Il mio cervello non ricordava
quasi nulla dell'hotel romano in cui avevo trascorso quelle giornate:
c'era però un dettaglio di non poco conto che mi si era scolpito nel
cervello. Di notte i bagliori fuori dalla finestra, delle scintille e
uno stridere terrificante di ruote sui binari. Ferro contro ferro.
Girovagavo,
la zona era quella. Il profumo acido, la sporcizia imprecisata e
dilagante: il tutto a ridosso del serpentone infinito dei binari della
stazione Termini. Un incrociarsi di vite umane che nulla poteva avere a
che vedere con il monotono incrociarsi delle sempre stesse esistenze del
paese di provincia.
Uno stordimento incredibile, un non
ritrovarsi. Poi il ricordo dei bagliori e delle scintille notturne. Del
rumore, del ferro contro il ferro. Mi ero seduto, stanco e anche un po'
rassegnato a Porta Maggiore. Un pomeriggio d'estate ancora non troppo
caldo. L'erba delle aiuole attorno alla porta romana cresceva
indisturbata: vi strisciava di tutto, rettili, roditori, umani.

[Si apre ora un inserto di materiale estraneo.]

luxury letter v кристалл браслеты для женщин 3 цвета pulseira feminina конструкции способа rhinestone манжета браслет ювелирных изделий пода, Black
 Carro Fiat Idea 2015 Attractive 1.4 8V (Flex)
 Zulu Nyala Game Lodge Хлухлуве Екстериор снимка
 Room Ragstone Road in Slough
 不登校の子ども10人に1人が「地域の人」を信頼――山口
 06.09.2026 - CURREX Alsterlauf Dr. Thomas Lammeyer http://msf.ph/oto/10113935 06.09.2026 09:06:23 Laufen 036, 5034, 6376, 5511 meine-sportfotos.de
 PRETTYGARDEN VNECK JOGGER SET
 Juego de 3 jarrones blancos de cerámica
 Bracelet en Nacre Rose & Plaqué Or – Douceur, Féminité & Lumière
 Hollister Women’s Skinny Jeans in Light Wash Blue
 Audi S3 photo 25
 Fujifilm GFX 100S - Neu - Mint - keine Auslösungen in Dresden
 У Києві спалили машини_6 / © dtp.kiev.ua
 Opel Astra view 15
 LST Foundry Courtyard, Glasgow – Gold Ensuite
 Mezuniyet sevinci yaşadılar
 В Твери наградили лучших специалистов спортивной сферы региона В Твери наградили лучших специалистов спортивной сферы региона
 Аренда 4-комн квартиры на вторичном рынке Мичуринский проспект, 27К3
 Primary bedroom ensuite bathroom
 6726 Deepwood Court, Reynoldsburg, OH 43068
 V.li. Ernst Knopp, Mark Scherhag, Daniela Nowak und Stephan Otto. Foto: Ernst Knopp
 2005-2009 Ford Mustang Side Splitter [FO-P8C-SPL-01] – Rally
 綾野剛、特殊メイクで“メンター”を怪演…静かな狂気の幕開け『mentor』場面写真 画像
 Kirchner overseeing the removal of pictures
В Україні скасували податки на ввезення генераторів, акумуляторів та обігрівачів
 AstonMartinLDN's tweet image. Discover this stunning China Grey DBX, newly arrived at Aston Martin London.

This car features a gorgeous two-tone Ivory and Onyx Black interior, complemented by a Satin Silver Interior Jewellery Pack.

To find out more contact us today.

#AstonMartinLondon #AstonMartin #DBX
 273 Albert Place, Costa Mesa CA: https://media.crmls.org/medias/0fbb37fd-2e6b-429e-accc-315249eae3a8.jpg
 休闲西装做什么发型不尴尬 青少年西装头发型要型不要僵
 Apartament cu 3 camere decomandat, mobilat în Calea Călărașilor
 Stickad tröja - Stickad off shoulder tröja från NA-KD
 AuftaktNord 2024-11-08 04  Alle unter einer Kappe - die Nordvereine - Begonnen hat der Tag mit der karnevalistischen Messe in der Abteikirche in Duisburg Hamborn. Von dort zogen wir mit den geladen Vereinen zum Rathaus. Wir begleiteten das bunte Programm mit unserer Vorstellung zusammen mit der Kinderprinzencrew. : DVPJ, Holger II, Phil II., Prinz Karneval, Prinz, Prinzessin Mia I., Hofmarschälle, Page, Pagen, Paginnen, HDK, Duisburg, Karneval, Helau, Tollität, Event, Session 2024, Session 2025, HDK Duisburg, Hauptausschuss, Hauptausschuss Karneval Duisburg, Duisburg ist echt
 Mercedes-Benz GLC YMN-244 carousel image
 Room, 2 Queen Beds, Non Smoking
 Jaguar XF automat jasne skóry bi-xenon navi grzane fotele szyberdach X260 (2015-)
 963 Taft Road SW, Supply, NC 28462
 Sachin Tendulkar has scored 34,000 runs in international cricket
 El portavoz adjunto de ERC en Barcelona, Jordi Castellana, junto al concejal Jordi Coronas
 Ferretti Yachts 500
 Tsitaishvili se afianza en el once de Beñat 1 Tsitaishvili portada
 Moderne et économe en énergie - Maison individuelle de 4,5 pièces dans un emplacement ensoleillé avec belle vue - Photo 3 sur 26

Piante
di cappero invadenti crescevano indisturbate; d'altronde la natura vince
sull'uomo, quasi sempre. Persino quando quest'ultimo riesce a lasciare
traccia del suo glorioso passato millenario. Era così che sotto le
foglie della pianta di cappero sparivano l emani degli scalpellini che
con tanto sudore e tanta fatica avevano levigato la pietra. La natura
vince, sempre.
Quel turbinio di pensieri viene interrotto, d'un
tratto, dalle scintille del tram. Bestia irrequieta, si ribella contro
il suo percorso solito, vuole forse fuoriuscire dai binari, ci prova
almeno. Non ci riesce e sbotta: le scintille si spandono in un
battibaleno: sembrano l'urlo di qualcuno a cui non sia riuscita
un'impresa agognata. Un urlo improvviso, breve, esasperato. Quelle erano
le finestre dell'hotel. Ecco ora ricordo: mi affacciavo a guardare la
vita che scorreva tutta la notte, mi svegliavano quei rumori ferrosi,
quelle scintille che rischiaravano la relativa quiete notturna. Poi
soccombevo anche io al sonno, un sonno più sereno. Sapevo che quella era
la mia strada di fuga, un luogo in cui poter vivere, in cui poter
tentare la sopravvivenza.
Solo la distanza temporale da quei
giorni, la possibilità di guardare alla loro esistenza con distacco
cinico mi permette di non soccombere: stavo imparando a gestire la mia
quota personale di dolore del mondo.